Welcome to the final week of a three-part series looking at nutraceuticals. Week one can be found here. Week two can be found here. Nutraceuticals are ‘foods that contain health-giving additives and medicinal benefits’. In other words, regular food you can add to meals and snacks that help boost metabolism, suppress appetite and reduce inflammation. Watch this week’s live episode above.
This week, we’re looking at foods and spices known for their ability to reduce inflammation. What’s a thought that pops into your head when you think of inflammation? Is it a specific diagnosis? Maybe an area of your body that is sore? Let me know! There are so many signs of inflammation that people don’t understand are connected. How we sleep, how we think, our energy levels, food cravings, digestive issues, aches and pains, and our moods all are affected by inflammation.
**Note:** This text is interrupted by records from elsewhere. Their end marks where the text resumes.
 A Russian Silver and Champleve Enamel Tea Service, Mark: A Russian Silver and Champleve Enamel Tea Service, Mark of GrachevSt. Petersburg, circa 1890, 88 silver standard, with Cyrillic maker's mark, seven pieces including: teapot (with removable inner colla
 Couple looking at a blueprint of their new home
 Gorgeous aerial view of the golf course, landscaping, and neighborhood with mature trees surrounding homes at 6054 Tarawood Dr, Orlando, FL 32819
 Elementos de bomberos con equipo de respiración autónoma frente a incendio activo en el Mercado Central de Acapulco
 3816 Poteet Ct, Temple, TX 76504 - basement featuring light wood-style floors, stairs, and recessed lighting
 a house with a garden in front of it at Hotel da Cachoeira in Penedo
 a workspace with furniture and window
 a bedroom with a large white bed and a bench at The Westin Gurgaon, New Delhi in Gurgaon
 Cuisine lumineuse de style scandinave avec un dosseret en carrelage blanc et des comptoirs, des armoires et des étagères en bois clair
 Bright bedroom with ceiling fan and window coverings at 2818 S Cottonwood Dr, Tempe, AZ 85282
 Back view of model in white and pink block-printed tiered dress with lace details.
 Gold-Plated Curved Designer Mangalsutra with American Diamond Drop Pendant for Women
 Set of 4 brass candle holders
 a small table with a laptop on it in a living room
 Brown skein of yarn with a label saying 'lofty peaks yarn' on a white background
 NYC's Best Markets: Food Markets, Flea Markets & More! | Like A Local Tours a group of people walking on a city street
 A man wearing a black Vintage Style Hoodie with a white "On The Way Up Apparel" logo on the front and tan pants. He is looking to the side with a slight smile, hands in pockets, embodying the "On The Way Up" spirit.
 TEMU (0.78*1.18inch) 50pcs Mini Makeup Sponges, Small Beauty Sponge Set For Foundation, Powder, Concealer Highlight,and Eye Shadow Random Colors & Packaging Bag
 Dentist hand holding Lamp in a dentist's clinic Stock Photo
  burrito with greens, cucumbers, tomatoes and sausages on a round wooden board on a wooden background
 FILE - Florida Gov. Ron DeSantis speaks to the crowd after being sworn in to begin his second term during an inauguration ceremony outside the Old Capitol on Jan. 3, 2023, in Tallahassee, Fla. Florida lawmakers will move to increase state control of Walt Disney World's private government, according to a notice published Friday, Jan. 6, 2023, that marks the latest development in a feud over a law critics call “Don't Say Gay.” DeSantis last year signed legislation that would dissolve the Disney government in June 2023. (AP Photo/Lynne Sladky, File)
The higher the levels of inflammation in the body, the worse these conditions will be.
We can use regular, unprocessed foods to reduce inflammation. However, it’s not enough to know they exist. It takes deliberate action to have the right foods on hand, add them to meals and snacks, and then actually eat them consistently!
Let’s start with turmeric. There is such a thing as a Dietary Inflammatory Index and turmeric is scored as the most anti-inflammatory food on this scale. It has much more color than flavor. You can use it in the form of extracts or grated from fresh or powders. Only about 1/2 teaspoon is needed to gain benefits. Use it to season main or side dishes, to add to smoothies and juices and in hot drinks like tea.
Next up is ginger. Ginger is another inflammation-reducing powerhouse; from halting migraines to reducing cholesterol, triglycerides, and blood sugars, ginger even provides relief for acid reflux. It has a pungent flavor, so a little will go a long way. Ginger can be grated fresh or powdered, added to cooking, baking, or smoothies. Start with 1/2 inch fresh cube or 1tsp-1 tbsp of powder if you aren’t sure how much of the flavor you’ll like.
Moving on to tomatoes: they’re common to many diets, but the amounts used may not be maximized for the best benefit. That’s a shame because tomatoes have some serious anti-inflammatory power! Lycopene is the active component in tomatoes that is also responsible for the dark red pigment. A small can per day of low sodium vegetable juice or 1/4 cup per day of tomato paste can give results in as little as three weeks of consistent use. If you are one of those who suffer from acid reflux, try lowering your amount or switch to a different anti-inflammatory herb or spice.
Lastly, we have black cumin, also called black seed. It has a mild peppery flavor which is very different from its brown seeded cousin. A typical dosing amount is only 1/4 teaspoon, so whatever you’re adding it to is likely not to alter the taste too dramatically. This one reduces inflammation by reducing triglyceride levels, blood pressure, and blood sugar levels. It’s also known for appetite suppression and weight reduction, by the way. Its natural form is seeds that you can grind before use or eat whole. Add some to your pepper grinder.
Commit to trying one or all of these with meals or snacks to quench some of those inflammatory flames! Remember, simply because foods are found in nature doesn’t mean you’re protected against adverse reactions or sensitivities. To play it safe, stick to culinary doses (those you would use for cooking and seasoning).